- The Republican Party of Pennsylvania asked the U.S. Supreme Court to halt an ongoing count of mail-in ballots received in that state after Election Day.
- The move came hours after Democratic nominee Joe Biden overtook President Donald Trump, the Republican candidate, in the vote tally there.
- Pennsylvania's Supreme Court had extended the mail-in ballot receipt deadline from Election Day evening to late Friday afternoon. The state GOP is trying to get that extension overturned by the U.S. Supreme Court.
- U.S. Supreme Court Justice Samuel Alito ordered Pennsylvania's county elections boards to segregate all ballots received by mail after 8 p.m. Tuesday and to count them separately from other ballots. He deferred the question of halting the count of those ballots.

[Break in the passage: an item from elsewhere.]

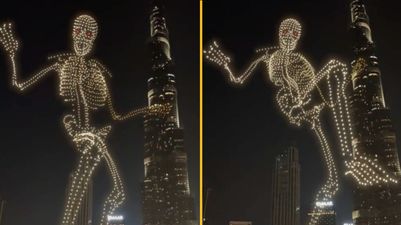 People say viral Dubai ‘Halloween drone show’ looks like skeleton pole dancing on Burj Khalifa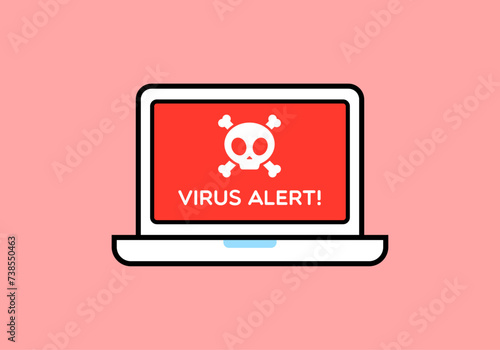 Fototapeta Naklejka Na Ścianę i Meble -  Virus Alert Laptop Illustration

The Republican Party of Pennsylvania asked the U.S. Supreme Court on Friday to halt an ongoing count of mail-in ballots received in that state after Election Day, a move that came hours after Democratic nominee Joe Biden overtook President Donald Trump in the vote tally there.
The party also asked the Supreme Court to order the Pennsylvania secretary of state to log and segregate those ballots, but to take no other action, including counting them, for now.
The GOP already was seeking to overturn an order by the Pennsylvania Supreme Court that extended the normal 8 p.m. ET Election Day deadline to 5 p.m. on Friday.
Hours later Friday, U.S. Supreme Court Justice Samuel Alito ordered Pennsylvania's county elections boards to segregate all ballots received by mail after 8 p.m. Tuesday and to count them separately from other ballots.
Alito's order essentially mandates guidance issued in the past two weeks by state Secretary of State Kathy Boockvar to the counties calling for them to segregate the ballots received after Election Day.
But Alito did not grant, for now, the request to halt the ongoing counting of the later ballots.
Instead, he referred that question to a conference with his fellow court justices and directed that any response by the state be filed by 2 p.m. Saturday.
The party wants the ballots received after Election Day kept separate and not counted so that they can be invalidated as a group if its broader effort at the U.S. Supreme Court to overturn the deadline extension is successful.
It is not clear how many mail-in ballots received after Election Day are among the tens of thousands of total mail-in ballots that have yet to be counted in the state.
But Boockvar on Thursday told CNN that she did not believe that the ballots received during the deadline extension period would affect the outcome of the presidential race "unless it's super close."
Boockvar said that the largest counties in the state received only around 500 ballots each after Election Day, while some smaller counties did not receive any.
As of midafternoon Friday, Biden was leading Trump by more than 27,000 votes. The former vice president had 3.33 million votes compared to 3.3 million for the incumbent president, an edge of 49.6% to 49.2% as of Friday evening. About 4% of the expected total vote remained to be counted.
There are 20 Electoral College votes at stake in Pennsylvania.
If Biden, who currently has won a projected 253 electoral votes from other states, wins the popular vote in Pennsylvania, he would be projected as the winner in the race for the White House, according to NBC News' current analysis.
A candidate must win at least 270 votes in the Electoral College to be elected president.
Trump had been leading Biden in Pennsylvania's ongoing ballot count until Friday morning, when Biden pulled ahead of the Republican president because of his strong performance in a count of mail-in ballots.
Biden was outpacing Trump in both Democratic- and Republican-leaning counties' counts of mail-in ballots, and his lead increased over the course of the day.
"Given the results of the November 3, 2020 general election, the vote in Pennsylvania may well determine the next President of the United States — and it is currently unclear whether all 67 county boards of elections are segregating late-arriving ballot," the state GOP said in its filing with the U.S. Supreme Court.
"Thus, without an immediate order from this Court, [the party] could lose its right to 'a targeted remedy' "if the State Supreme Court's decision is ultimately overturned."